6. Multiple contracts. A single manifestation of assent will sometimes result in multiple contracts. In particular, in connection with a purchase at a retail store, it is common for the consumer to enter into one contract with the retailer and into a second contract with the manufacturer of the purchased products. Such multiple contracting conforms to consumers’ expectations and provides a contractual basis for consumers’ rights against the manufacturer. The contract with the manufacturer consists of standard contract terms provided by the manufacturer that are often made available to review for the first time after the consumer signifies assent to the transaction. Under subsection (b) these terms are adopted, and the second contract is concluded, if the consumer receives reasonable notice, before signifying assent to the transaction, that terms governing the contract with the manufacturer will be forthcoming, has a reasonable opportunity to review the terms upon their arrival, and has an opportunity to terminate the entire transaction, including the first contract, upon such review.

7. Simultaneous use of different adoption processes. A business might attempt to use different adoption processes for different sets of terms within a single consumer contract. For instance, the business may ask the consumer to affirmatively signify assent to some standard contract terms (e.g., by clicking “I Agree”).
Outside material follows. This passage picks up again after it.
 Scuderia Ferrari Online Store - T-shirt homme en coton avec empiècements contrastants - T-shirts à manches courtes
In addition, the business may present other standard contract terms in a separate form, which the consumer is not asked to affirmatively acknowledge (e.g., the other terms may be posted on a website, or packaged with the product). When some of the standard contract terms are presented separately from those available for review prior to signifying assent, it is the burden of the business to provide consumers a notice that the transaction is governed by additional terms, and to post them or otherwise make them available in a location easily accessible to consumers. Such notice is necessary because consumers may reasonably expect that the affirmative adoption of a legal agreement would cover all of the standard contract terms. Absent such heightened alert, the simultaneous use of a different process would often fail the notice requirement, with the result that only the terms presented prior to the signifying of assent are adopted. (The requirement that presentation of additional terms be reasonable in light of the way other terms were presented also applies when the business modifies the original terms. See Comment 5 in § 3.)
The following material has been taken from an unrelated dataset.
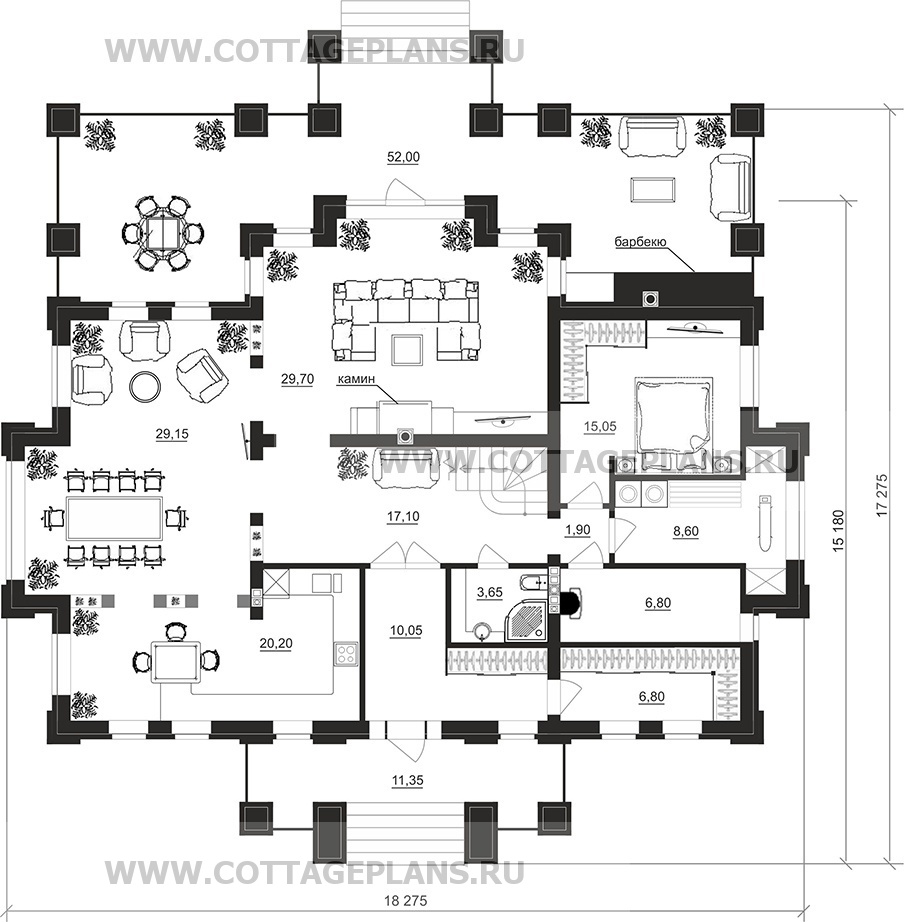 Поэтажные планы проект дома 102-15 общ. площадь 306,00 м2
8. Notice and opportunity to review. The business must provide reasonable notice of the existence of the standard contract terms and a reasonable opportunity to review them. The test for adequacy of notice depends on whether in the circumstances it is conspicuous enough to reasonably alert the consumer to the existence of terms. In some contexts, market norms and course of dealings may provide sufficient information to the consumer that additional standard contract terms are intended to apply to the transaction. These requirements of notice and opportunity to review apply when the terms are available for review prior to the signifying of assent to the transaction and are adopted under subsection (a), as well as when the terms are available for review only after the signifying of assent to the transaction under subsection (b). (Compare U.C.C. § 1-202 (defining “Notice”).)

9. Right to terminate. Under subsection (b), the consumer must be given a reasonable opportunity to terminate the transaction. The duration of the review-and-terminate period has to be reasonable, providing sufficient time for the consumer who is interested in reviewing the terms to assess their implications. In addition, the consumer’s opportunity to terminate the transaction after receiving the terms must not place unreasonable cost, personal burden, or risk of loss on the consumer.
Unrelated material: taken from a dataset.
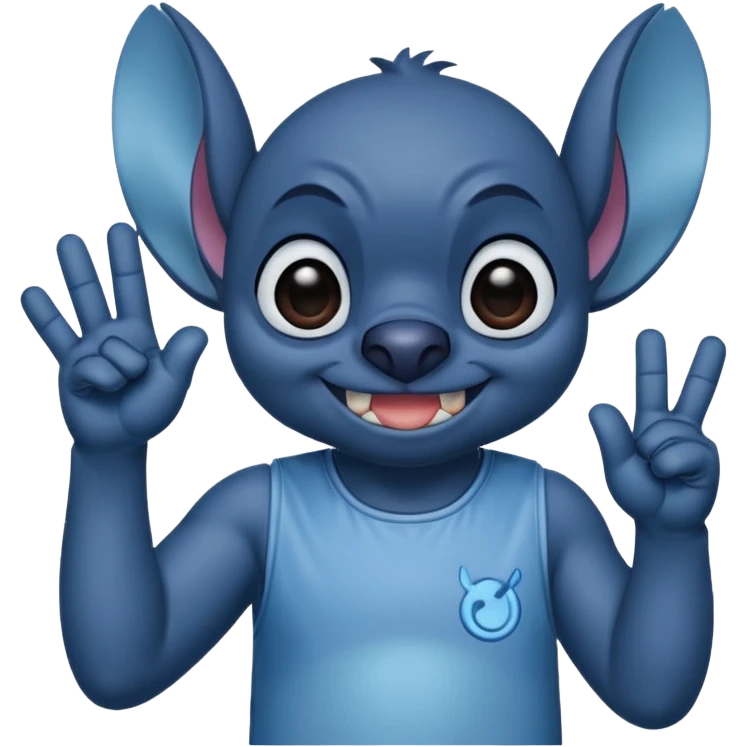 Tired looking stitch with dark circles around his eyes making a victory hand emoji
10. Legal consequences of nonadopted terms. Standard terms that fail to conform with the adoption-process requirements of subsection (a) or (b) do not become part of the consumer contract. In such case, under subsection (c), there is a contract that contains the terms—standard and nonstandard—that were effectively adopted, supplemented by gap-fillers supplied by law. Non-adopted standard terms may, nonetheless, entail other legal consequences. For example, they may provide the basis for a claim by the consumer under Restatement Second, Contracts § 90.

11. Mandatory rule. The rules restated in this Section specify mandatory requirements of assent, notice, and opportunity to terminate, and cannot be excluded or derogated from by agreement. The business is free to specify the precise formats that the assent, notice, and termination take, as long as they are reasonable. If the business specifies a process for incorporating standard terms that does not meet these mandatory requirements, that process is not effective and the standard terms it purports to adopt are not adopted as part of the contract. (Compare § 9 of this Restatement.)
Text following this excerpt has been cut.